Nearly a year ago, the United States Holocaust Museum in Washington, D.C. agreed to recognize the activities of the Bergson group, also known as the Emergency Committee to Save the Jewish People of Europe.
Kook's family presented Yad Vashem with a petition signed by 100 public figures, including MKs Ophir Paz-Pines and Yossi Beilin, as well as former Supreme Court Chief Justice Meir Shamgar. Yad Vashem, however, has responded coldly thus far, saying, "The work of the group headed by Hillel Kook is well-known, but Yad Vashem does not plan its museum exhibits based on pressure and petitions."
The march was the only protest demonstration calling for Holocaust rescue activities ever held in Washington during World War II.
A book published in 2002 by David S. Wyman and Rafael Medoff entitled "A Race Against Death: Peter Bergson, America, and the Holocaust," showed that it was Bergson and his colleagues who goaded and shamed the Roosevelt administration into finally establishing the War Refugee Board - which helped save more than 200,000 lives during the final 18 months of World War II.
Kook, son of Afula's first Chief Rabbi, Dov Kook, and a nephew of the famed Rabbi Abraham Isaac Kook, was a Knesset Member in the 1st Knesset, in Menachem Begin's Herut party.
Among his prominent activities designed to raise real-time awareness of the Holocaust massacres was a massive march by 400 Orthodox rabbis on the White House in 1943, demanding U.S. Government action to save Jews from Hitler.
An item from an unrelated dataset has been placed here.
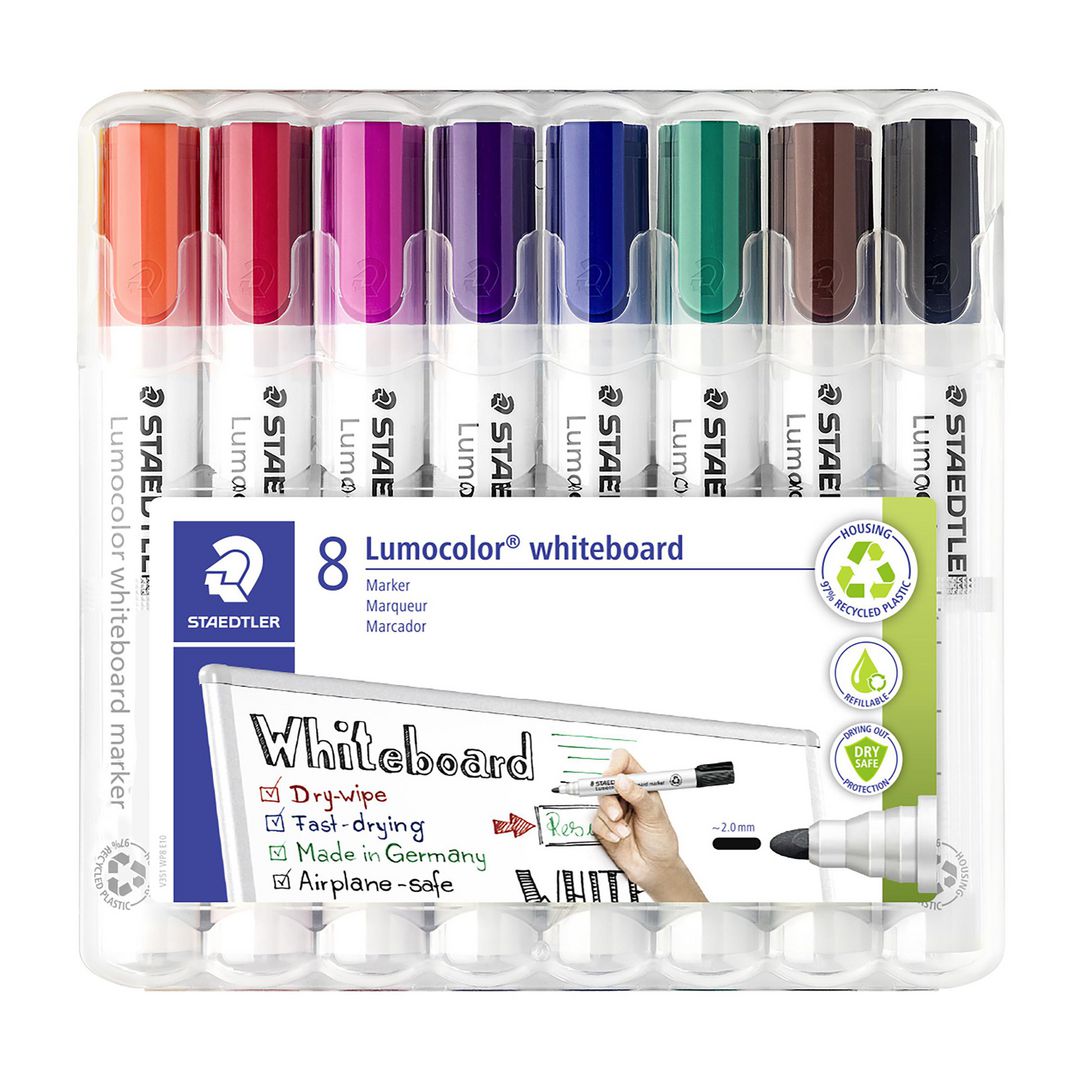 LUMOCOLOR Whiteboardpenna rund 8/fp | Kontorsmaterial - Pennor - Whiteboardpennor - Rund spets | Kontorsexperten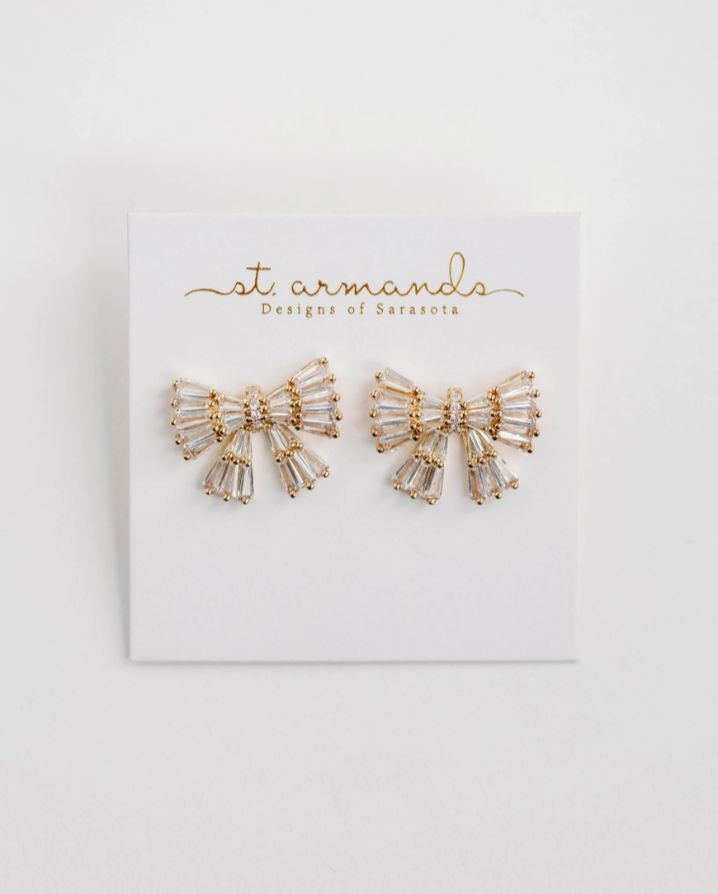 SPARKLER STATEMENT STUD BOW EARRINGS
The march was the only protest demonstration calling for Holocaust rescue activities ever held in Washington during World War II.
In pre-Israel Palestine in the 1930's and 40's, Kook was one of the young commanders of the Etzel organization, which conducted a policy of actively reacting to Arab attacks, as opposed to the Haganah-led restraint that was prevalent in that period. When the Holocaust started, Kook went to the U.S. on behalf of Etzel in an attempt to save Jews. His efforts to convince the Jewish and governmental establishments that the tragedy in Europe was much greater than was being reported began to bear fruit only around 1944.
Hillel Kook died in 2001 at the age of 86.